Ils n’ont certes pas le même sens en Métropole qu’en Afrique Noire, et le Général de Gaulle devra en tirer des conclusions particulières pour chacun des territoires.
La Métropole se prononce pour ou contre la Constitution ; la propagande politique s’est employée à faire ressortir les mérites et les inconvénients d’un texte, dont la mise au point a été effectuée avec beaucoup de soins.
Le vote des Territoires africains revêt un autre sens. Certes, la question qui leur est posée est la même que celle soumise à l’approbation des Français de la Métropole. Elle ne pouvait pas être différente. Mais pour les Territoires d’Afrique Noire, les « OUI » ou les « NON » signifient qu’ils acceptent ou qu’ils refusent d’entrer dans la communauté française dotée de ses nouvelles institutions.
Il ne pouvait être question de les inviter à adhérer à l’ancien régime républicain. C’était courir à un échec, et les manifestations de Conakry et de Dakar en sont la meilleure preuve.
La croisade noire avait donc pour but de proposer à l’Afrique Noire d’adhérer à une communauté française régénérée. Aucun pays n’a jamais offert aussi clairement un pareil choix à des territoires aussi nombreux et aussi variés.
Une telle proposition n’a été possible que par la lente élévation à la maturité politique des territoires français d’Afrique. « Ce sont les seuls pays sous tutelle, dit un journal canadien, où il y ait un suffrage universel, un gouvernement local dirigé par des Africains, une absence complète de ségrégation. » Et il ajoute : « Si l’on compare cette situation à celle qui prévaut en Afrique Noire britannique, surtout en Afrique centrale, on apprécie justement la différence ».
Au Général de Gaulle et à son Gouvernement de tirer les conséquences du référendum. Si en présence d’une majorité de « NON » leur décision est simple, devant une majorité de « OUI » ils devront en examiner le détail : pour la Métropole, pour l’Afrique et pour chacun des Territoires africains.
Le nouvel aménagement politique suscitera d’inévitables résistances.
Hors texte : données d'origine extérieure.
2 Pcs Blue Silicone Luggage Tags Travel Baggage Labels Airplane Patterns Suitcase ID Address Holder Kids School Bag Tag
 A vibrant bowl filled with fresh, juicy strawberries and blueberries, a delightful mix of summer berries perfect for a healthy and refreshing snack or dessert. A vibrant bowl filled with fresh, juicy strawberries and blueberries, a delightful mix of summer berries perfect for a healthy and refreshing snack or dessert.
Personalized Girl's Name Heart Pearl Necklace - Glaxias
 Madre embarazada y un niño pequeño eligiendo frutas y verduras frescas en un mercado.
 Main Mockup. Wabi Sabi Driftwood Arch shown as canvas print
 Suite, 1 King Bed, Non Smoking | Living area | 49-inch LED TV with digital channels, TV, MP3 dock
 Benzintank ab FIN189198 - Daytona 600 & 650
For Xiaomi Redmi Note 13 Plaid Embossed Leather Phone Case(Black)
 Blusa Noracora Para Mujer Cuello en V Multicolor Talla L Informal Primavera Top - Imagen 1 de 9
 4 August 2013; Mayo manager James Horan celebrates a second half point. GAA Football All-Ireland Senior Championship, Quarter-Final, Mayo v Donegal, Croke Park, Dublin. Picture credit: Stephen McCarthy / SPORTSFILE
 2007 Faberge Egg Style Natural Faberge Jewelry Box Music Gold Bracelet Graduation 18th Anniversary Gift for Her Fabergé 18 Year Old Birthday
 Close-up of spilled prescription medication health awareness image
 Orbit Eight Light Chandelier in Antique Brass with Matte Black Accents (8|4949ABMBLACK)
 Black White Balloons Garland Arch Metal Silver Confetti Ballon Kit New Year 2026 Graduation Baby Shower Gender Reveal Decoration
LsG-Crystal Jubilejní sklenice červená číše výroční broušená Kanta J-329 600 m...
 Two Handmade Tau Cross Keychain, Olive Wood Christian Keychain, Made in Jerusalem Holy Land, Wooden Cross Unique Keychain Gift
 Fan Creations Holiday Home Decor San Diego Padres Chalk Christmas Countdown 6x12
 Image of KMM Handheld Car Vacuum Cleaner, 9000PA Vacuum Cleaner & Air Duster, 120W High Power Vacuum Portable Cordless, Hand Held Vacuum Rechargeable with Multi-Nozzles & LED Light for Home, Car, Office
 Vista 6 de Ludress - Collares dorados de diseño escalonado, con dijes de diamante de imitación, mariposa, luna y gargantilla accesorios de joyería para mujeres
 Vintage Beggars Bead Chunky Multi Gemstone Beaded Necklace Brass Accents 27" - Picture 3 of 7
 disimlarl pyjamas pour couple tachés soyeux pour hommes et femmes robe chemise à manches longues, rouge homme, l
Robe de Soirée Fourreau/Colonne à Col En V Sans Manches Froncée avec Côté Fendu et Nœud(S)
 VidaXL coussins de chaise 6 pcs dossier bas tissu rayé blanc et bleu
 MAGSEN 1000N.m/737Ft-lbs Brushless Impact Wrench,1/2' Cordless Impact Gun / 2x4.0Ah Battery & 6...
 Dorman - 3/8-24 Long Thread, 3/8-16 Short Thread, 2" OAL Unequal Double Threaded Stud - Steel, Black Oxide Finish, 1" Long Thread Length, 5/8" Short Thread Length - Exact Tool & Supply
Mais le Général de Gaulle saura les dominer car il sait qu’un échec rouvrirait une crise, avec tous les risques que cela comporte.
Il sait aussi qu’en Métropole les opposants le sont par principe car leur grande majorité représente, ou la clientèle d’un parti étranger ou celle de privilégiés nostalgiques.
Appelé au pouvoir par la majorité des Chambres, moins sous la pression des Comités de Salut Public, comme on a voulu le faire croire, qu’à l’appel profond de la grande majorité des Français, le Général de Gaulle, engage, par le référendum, le destin de la France, peut-être celui de l’Occident, sûrement celui de l’Eurafrique.